Data visualization, using attractive and effective figures to display all data points to allow readers to see the overall data patterns, study the inherent relationships, and detect outliers has been an interesting yet challenging job for statisticians (Cleveland, 1985; Tufte, 1983, 1997, 2006). Many different types of plots have been introduced and produced, including those especially named for their shapes, like the bag, bar, bike, box, bubble, pie, pyramid, spaghetti, rainbow, violin, and waterfall plots (Allison, 2012; Hyndman and Shang, 2010). This chapter introduces and illustrates how to produce a new type of plot known for its shape, the thunderstorm or raindrop scatter plot. This plot allows the viewing of data with two or more values on the y-axis corresponding to one value on the x-axis for each of several subjects in a population.
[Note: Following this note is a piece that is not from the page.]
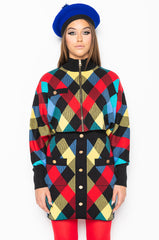 CALL ME ZIP UP SWEATER RED MULTI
The resulting plot looks like raindrops, with each raindrop representing data for a single subject. When data for many subjects are plotted, it resembles a thunderstorm, hence the name. A thunderstorm/raindrop scatter plot is a useful tool for data visualization and outlier detection. The concept of thunderstorm/raindrop scatter plots is introduced and sample figures are produced using the SAS/GRAPH annotate facility in PROC GPLOT and the HIGHLOW statement in PROC SGPLOT.